Solution : Since “n” is a number, the dimension of the terms of the equation is indicated as :

$$\begin{array}{l}\left[x_n\right]=\left[\mathrm{Displacment}\right]=\left[L\right]\\ \left[u\right]=\left[\mathrm{velocity}\right]=\left[L{T}^{-1}\right]\\ \left[\frac{a}{2}\right(2n-1\left)\right]=\left[\mathrm{acceleration}\right]=\left[L{T}^{-2}\right]\end{array}$$

Clearly, dimensions of the terms are not same and hence equation is apparently incompatible in terms of dimensions.

In order to resolve this apparent incompatibility, we need to show that each term of right hand side of the equation has dimension that of displacement i.e. length. Now, we know that the relation is derived for a displacement for time equal to “1” second. As multiplication of “1” or " $1^2$ " with any term is not visible, the apparent discrepancy has appeared in otherwise correct equation.
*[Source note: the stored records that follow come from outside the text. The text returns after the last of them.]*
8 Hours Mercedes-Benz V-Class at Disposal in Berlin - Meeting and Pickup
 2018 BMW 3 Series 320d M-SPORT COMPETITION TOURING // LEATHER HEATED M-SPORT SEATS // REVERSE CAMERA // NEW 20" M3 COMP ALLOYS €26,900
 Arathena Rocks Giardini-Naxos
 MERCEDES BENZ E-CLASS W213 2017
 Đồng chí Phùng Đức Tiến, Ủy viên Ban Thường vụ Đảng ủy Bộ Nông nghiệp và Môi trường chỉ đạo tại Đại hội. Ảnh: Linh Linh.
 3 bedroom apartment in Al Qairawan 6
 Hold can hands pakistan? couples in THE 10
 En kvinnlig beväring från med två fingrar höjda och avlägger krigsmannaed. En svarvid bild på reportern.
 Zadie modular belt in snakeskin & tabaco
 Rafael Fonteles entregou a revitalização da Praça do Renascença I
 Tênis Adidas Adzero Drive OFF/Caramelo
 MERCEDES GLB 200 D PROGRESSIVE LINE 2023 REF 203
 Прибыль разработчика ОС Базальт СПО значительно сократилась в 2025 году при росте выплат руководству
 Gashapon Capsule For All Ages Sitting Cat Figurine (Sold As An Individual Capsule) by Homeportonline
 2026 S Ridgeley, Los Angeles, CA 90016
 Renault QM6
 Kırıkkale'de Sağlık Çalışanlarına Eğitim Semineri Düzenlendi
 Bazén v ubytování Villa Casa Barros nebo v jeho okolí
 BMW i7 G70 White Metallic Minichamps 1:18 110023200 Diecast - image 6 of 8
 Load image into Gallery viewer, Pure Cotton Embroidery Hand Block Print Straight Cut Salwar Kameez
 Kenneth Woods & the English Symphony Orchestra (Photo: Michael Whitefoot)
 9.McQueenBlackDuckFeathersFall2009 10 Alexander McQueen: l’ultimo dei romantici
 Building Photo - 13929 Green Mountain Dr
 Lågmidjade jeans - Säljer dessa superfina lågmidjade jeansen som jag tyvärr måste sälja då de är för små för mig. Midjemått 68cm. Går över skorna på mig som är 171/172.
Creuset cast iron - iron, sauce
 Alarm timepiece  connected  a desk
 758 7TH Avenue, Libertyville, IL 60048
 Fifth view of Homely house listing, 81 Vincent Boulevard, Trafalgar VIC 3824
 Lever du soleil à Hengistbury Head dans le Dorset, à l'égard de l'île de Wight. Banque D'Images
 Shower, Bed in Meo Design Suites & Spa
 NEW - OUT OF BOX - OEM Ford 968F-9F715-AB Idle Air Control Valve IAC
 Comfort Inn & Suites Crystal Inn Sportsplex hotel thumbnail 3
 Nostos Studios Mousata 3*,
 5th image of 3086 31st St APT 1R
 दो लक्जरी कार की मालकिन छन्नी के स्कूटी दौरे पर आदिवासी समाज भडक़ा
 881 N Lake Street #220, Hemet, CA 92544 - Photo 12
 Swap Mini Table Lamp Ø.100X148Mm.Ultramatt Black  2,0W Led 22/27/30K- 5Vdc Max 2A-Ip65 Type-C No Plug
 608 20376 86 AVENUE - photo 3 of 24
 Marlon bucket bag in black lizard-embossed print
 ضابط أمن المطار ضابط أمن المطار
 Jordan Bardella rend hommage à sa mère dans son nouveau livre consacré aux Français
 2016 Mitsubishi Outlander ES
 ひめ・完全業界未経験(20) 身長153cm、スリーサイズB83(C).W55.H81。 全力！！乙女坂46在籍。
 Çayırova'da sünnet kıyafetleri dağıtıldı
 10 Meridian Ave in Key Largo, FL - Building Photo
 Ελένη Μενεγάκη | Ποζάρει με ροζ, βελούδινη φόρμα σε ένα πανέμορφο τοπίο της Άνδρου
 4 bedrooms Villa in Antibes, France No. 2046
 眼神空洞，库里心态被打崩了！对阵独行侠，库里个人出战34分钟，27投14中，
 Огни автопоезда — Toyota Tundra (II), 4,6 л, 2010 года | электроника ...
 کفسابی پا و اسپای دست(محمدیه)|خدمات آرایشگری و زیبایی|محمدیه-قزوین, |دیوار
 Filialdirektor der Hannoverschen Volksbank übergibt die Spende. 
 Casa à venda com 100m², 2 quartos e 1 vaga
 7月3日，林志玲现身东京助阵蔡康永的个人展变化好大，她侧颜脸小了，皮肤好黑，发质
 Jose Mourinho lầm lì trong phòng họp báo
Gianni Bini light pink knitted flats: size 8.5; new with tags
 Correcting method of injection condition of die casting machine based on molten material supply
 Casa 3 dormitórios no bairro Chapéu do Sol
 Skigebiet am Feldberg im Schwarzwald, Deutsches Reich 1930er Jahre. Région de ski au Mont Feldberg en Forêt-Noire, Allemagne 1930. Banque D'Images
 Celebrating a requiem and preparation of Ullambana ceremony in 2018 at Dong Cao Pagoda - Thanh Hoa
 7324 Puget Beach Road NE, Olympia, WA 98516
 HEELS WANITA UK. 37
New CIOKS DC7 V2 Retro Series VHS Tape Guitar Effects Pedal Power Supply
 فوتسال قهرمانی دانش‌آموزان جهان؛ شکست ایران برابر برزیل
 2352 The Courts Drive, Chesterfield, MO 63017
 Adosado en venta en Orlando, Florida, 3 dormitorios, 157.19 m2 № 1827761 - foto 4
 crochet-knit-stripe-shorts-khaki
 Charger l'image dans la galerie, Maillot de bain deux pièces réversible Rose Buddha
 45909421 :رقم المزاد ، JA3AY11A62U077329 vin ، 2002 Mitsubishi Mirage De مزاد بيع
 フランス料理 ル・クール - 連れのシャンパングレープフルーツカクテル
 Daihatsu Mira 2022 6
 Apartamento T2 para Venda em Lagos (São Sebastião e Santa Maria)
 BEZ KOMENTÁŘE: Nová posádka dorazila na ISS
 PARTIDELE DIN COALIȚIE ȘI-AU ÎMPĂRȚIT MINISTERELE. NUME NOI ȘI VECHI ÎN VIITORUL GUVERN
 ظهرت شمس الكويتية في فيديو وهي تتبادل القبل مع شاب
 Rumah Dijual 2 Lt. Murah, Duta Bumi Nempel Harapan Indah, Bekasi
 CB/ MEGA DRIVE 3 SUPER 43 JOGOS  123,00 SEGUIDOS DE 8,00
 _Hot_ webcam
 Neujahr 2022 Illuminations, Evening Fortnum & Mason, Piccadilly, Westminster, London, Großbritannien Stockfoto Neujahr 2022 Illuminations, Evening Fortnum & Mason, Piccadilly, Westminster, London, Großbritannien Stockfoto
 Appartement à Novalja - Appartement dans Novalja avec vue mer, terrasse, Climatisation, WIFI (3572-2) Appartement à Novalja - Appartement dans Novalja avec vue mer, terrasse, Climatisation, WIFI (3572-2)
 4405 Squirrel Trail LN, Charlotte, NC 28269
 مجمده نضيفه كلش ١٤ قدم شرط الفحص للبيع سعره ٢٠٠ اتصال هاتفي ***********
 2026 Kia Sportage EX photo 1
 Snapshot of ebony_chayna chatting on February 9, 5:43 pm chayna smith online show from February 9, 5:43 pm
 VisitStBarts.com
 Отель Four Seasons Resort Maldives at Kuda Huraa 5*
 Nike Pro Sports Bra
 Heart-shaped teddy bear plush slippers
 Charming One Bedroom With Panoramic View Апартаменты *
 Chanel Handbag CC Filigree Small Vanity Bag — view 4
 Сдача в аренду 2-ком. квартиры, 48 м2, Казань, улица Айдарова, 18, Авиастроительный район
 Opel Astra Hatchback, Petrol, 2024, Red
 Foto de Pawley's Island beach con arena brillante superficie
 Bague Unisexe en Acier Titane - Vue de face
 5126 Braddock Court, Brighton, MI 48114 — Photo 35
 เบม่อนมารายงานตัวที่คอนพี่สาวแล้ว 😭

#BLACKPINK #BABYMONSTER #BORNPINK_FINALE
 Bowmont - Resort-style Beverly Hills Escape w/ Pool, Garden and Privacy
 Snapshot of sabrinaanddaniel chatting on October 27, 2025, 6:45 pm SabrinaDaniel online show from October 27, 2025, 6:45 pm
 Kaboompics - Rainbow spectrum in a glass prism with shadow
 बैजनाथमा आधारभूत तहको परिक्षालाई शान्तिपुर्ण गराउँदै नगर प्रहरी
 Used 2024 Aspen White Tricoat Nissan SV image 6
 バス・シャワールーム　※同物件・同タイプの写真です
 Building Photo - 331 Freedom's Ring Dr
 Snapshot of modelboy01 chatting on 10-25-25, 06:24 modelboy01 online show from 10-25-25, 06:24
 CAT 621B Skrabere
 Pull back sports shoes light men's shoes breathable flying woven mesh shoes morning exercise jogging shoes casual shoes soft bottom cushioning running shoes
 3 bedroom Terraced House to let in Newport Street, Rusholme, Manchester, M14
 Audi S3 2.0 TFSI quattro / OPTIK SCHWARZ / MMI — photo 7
We can, therefore, re-write the equation with explicit time as :

$$\begin{array}{l}{x}_n=ux1+\frac{a}{2}(2n-1)x{1}^2\\ \Rightarrow x_n=uxt+\frac{a}{2}(2n-1)x{t}^2\end{array}$$

Now, the dimensions of the first and second terms on the right side are :

$$\begin{array}{l}[uxt]=\left[L{T}^{-1}T\right]=\left[L\right]\\ \left[\frac{a}{2}\right(2n-1)x{t}^2]=\left[L{T}^{-2}{T}^2\right]=\left[L\right]\end{array}$$

Thus, we see that the equation is implicitly correct in terms of dimensions.

Problem : A particle starting with velocity “u” covers two equal distances in a straight line with accelerations $a_1$ and $a_2$ . What is the equivalent acceleration for the complete motion?

Solution : The equivalent acceleration for the complete motion should yield same value for the attributes of the motion at the end of the journey. For example, the final velocity at the end of the journey with the equivalent acceleration should be same as the one calculated with individual accelerations.

Here initial velocity is "u". The velocity at the end of half of the distance (say “x”) is :

$$\begin{array}{l}{v_1}^2=u^2+2a_{1}x\end{array}$$

Clearly, $v_1$ is the initial velocity for the second leg of motion,

$$\begin{array}{l}{v_2}^2={v_1}^2+2a_{2}x\end{array}$$

Adding above two equations, we have :

$$\begin{array}{l}{v_2}^2=u^2+2(a_1+a_2)x\end{array}$$

This is the square of velocity at the end of journey. Now, let “a” be the equivalent acceleration, then applying equation of motion for the whole distance (2x),

$$\begin{array}{l}{v_2}^2=u^2+2a\left(2x\right)\end{array}$$

Comparing equations,

$$\begin{array}{l}a=\frac{a_1+a_2}{2}\end{array}$$